— Work task —
The entries below are to be transcribed in full, without their images.

— Exercise inputs —
◇ ◇ ◇ ◇
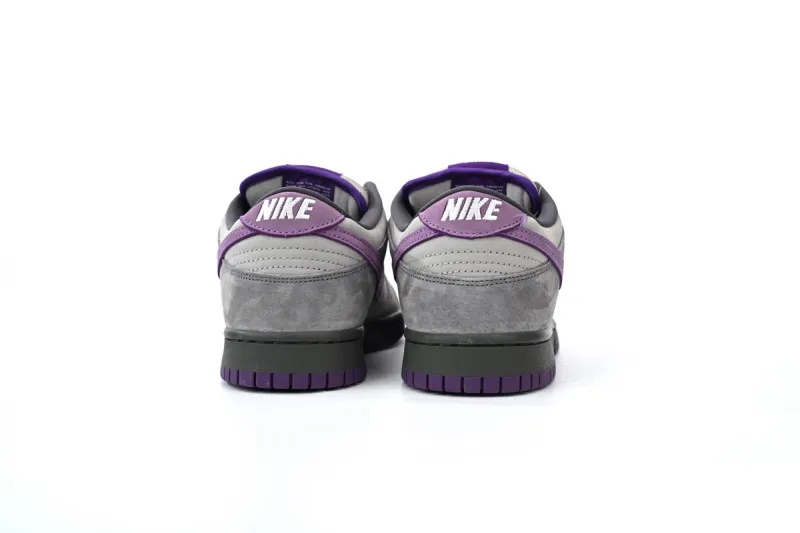 Purple Pigeon SB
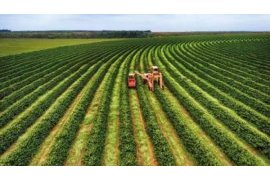 Rwanda is to Host The Agriculture Business Summit – AGRF 2o22 Summit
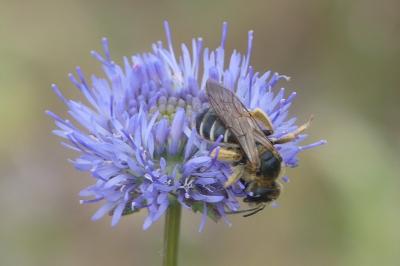 <i>Lasioglossum</i>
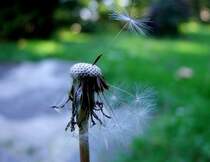 „der letzte Mohikaner“ oder der letzte Rest vom Sch�tzenfest einer Pusteblume; 080728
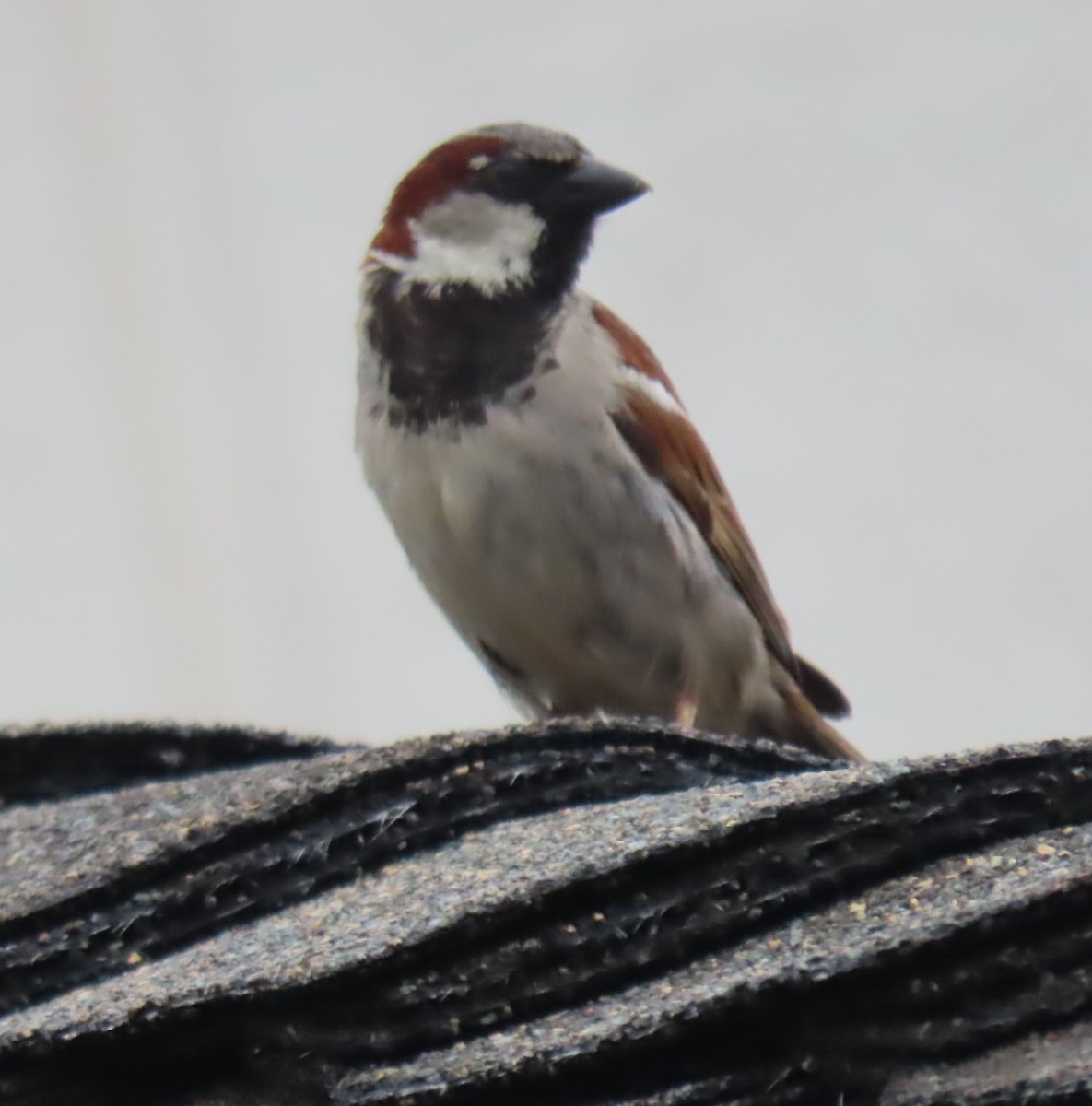 House Sparrow - ML619891018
◇ ◇ ◇ ◇
— Solution to this task —
 Purple Pigeon SB
 Rwanda is to Host The Agriculture Business Summit – AGRF 2o22 Summit
 <i>Lasioglossum</i>
 „der letzte Mohikaner“ oder der letzte Rest vom Sch�tzenfest einer Pusteblume; 080728
 House Sparrow - ML619891018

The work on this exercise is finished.